About this task :: Only these lines of the data below are wanted: the one with "Students throwing their caps.", the one with "Fototapeta premium roadside", and any lines between them, each repeated exactly.

*** Material to process Section Begins ***

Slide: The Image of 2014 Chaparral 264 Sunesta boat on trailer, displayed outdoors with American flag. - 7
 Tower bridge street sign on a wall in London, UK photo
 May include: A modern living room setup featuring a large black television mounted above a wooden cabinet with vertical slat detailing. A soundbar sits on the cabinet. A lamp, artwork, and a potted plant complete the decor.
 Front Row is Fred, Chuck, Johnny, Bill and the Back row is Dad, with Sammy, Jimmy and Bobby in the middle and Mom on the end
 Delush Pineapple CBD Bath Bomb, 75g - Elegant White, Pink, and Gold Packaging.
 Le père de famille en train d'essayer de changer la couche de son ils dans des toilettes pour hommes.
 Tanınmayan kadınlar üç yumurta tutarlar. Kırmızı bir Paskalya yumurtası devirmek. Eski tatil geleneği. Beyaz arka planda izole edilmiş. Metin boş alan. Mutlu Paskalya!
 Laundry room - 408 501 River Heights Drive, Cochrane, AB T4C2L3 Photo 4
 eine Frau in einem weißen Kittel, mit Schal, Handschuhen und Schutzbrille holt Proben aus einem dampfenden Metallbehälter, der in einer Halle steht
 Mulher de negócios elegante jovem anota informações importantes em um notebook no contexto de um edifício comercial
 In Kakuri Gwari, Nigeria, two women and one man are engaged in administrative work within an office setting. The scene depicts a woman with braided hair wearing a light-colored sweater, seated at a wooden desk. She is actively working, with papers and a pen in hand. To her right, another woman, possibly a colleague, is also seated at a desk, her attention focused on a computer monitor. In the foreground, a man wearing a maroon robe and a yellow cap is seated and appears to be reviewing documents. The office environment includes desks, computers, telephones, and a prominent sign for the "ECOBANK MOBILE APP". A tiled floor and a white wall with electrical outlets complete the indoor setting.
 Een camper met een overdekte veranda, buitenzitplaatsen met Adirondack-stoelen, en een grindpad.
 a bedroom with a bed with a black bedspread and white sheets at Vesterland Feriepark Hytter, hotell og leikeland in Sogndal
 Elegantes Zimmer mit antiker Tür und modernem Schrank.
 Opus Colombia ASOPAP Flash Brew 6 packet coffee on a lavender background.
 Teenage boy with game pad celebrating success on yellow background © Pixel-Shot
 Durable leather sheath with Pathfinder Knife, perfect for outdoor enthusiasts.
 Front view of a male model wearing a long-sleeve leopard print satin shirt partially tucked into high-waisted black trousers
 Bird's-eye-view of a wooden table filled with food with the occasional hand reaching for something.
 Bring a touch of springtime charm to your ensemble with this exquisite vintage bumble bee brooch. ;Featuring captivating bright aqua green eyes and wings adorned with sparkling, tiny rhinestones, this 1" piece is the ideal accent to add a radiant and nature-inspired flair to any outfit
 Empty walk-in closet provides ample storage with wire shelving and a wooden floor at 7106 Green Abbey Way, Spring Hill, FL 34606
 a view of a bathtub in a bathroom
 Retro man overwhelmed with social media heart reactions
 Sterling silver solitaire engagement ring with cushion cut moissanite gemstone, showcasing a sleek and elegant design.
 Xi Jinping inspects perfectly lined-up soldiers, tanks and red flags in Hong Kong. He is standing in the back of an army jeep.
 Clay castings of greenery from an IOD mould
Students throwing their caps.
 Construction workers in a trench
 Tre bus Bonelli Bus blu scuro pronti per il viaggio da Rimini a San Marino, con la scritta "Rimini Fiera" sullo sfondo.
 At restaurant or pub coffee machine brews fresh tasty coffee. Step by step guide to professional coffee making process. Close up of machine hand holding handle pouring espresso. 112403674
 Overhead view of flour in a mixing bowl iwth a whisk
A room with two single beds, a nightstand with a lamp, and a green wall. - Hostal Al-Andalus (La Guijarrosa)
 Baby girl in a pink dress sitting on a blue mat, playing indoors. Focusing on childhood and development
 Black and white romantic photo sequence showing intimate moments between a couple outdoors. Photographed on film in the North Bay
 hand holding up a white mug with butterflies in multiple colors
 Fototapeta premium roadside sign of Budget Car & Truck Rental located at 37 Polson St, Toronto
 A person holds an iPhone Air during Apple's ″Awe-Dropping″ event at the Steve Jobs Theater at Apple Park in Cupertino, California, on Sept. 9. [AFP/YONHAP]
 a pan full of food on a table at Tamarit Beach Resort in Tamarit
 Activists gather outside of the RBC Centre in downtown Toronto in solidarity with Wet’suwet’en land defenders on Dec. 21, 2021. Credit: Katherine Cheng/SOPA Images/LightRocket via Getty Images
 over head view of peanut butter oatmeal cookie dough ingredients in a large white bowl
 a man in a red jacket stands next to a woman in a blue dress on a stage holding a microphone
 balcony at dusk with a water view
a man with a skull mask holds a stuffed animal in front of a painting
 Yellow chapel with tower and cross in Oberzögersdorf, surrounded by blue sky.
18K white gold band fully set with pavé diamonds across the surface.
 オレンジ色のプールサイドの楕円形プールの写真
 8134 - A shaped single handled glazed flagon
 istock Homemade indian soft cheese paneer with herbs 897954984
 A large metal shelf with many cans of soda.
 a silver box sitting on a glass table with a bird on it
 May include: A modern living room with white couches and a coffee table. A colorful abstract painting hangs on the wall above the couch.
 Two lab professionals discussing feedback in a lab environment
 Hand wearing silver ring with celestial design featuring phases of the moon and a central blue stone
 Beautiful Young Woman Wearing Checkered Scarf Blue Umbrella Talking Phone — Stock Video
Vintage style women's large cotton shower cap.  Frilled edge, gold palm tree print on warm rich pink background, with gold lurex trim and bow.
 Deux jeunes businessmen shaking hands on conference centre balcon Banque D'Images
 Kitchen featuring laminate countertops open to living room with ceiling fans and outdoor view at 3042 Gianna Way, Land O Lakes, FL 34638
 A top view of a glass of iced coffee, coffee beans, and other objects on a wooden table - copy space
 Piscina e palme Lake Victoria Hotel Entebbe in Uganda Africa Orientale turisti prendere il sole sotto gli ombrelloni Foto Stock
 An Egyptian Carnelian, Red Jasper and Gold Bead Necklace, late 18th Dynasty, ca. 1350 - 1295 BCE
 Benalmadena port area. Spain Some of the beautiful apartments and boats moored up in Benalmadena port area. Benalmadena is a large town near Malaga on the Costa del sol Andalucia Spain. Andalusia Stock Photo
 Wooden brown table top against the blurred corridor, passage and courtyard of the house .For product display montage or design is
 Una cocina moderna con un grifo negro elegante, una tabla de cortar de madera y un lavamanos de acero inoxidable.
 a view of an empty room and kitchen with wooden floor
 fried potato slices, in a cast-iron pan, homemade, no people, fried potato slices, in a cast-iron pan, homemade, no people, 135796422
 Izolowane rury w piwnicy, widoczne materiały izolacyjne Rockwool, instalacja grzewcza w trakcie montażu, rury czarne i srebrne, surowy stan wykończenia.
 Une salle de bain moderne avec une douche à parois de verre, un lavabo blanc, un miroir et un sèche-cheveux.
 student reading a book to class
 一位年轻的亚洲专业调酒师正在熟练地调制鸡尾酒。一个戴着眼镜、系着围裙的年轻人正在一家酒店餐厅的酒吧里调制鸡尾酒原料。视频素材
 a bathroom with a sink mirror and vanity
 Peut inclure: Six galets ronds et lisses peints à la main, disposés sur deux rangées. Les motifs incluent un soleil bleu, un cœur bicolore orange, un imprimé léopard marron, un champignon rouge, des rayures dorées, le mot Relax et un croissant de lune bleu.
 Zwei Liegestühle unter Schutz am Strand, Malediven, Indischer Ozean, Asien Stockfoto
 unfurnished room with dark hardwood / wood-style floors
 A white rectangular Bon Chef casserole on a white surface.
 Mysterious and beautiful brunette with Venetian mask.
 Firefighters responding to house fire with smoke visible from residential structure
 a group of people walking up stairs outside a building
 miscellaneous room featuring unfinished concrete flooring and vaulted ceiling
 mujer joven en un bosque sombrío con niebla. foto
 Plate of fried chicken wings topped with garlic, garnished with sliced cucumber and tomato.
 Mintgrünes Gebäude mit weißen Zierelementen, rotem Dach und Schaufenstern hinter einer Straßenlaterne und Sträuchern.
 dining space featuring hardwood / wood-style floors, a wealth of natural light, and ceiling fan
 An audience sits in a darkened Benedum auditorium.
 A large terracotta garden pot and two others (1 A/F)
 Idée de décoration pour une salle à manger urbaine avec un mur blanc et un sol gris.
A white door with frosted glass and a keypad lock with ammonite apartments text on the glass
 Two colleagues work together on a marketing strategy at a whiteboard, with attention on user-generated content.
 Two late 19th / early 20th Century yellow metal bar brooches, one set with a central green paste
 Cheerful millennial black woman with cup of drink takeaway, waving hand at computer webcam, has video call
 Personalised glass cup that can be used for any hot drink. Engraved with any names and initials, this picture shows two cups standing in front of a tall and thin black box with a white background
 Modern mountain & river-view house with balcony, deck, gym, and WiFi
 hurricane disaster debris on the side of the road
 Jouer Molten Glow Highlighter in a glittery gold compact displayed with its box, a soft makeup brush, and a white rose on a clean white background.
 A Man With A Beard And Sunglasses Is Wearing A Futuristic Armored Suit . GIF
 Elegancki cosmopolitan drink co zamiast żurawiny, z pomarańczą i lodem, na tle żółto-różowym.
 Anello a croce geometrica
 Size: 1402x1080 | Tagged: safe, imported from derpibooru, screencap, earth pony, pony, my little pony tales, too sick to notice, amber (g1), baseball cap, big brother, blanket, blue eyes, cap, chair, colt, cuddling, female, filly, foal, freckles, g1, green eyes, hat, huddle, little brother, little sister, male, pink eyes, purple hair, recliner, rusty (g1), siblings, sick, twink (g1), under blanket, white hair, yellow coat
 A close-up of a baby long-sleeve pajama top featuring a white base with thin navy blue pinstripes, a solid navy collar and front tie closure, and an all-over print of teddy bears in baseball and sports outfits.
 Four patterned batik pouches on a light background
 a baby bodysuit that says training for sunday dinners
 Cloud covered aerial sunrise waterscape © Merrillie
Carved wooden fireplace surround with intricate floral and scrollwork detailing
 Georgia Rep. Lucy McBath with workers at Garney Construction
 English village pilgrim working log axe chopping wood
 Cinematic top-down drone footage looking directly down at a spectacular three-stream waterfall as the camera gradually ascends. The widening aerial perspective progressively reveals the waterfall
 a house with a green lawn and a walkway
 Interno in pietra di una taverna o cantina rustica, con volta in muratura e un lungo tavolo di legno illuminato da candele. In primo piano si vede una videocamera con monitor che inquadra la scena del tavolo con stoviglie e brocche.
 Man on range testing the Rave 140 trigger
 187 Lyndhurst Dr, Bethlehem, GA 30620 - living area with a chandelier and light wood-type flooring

*** Material to process Section Ends ***

Finished exercise ::
Students throwing their caps.
 Construction workers in a trench
 Tre bus Bonelli Bus blu scuro pronti per il viaggio da Rimini a San Marino, con la scritta "Rimini Fiera" sullo sfondo.
 At restaurant or pub coffee machine brews fresh tasty coffee. Step by step guide to professional coffee making process. Close up of machine hand holding handle pouring espresso. 112403674
 Overhead view of flour in a mixing bowl iwth a whisk
A room with two single beds, a nightstand with a lamp, and a green wall. - Hostal Al-Andalus (La Guijarrosa)
 Baby girl in a pink dress sitting on a blue mat, playing indoors. Focusing on childhood and development
 Black and white romantic photo sequence showing intimate moments between a couple outdoors. Photographed on film in the North Bay
 hand holding up a white mug with butterflies in multiple colors
 Fototapeta premium roadside sign of Budget Car & Truck Rental located at 37 Polson St, Toronto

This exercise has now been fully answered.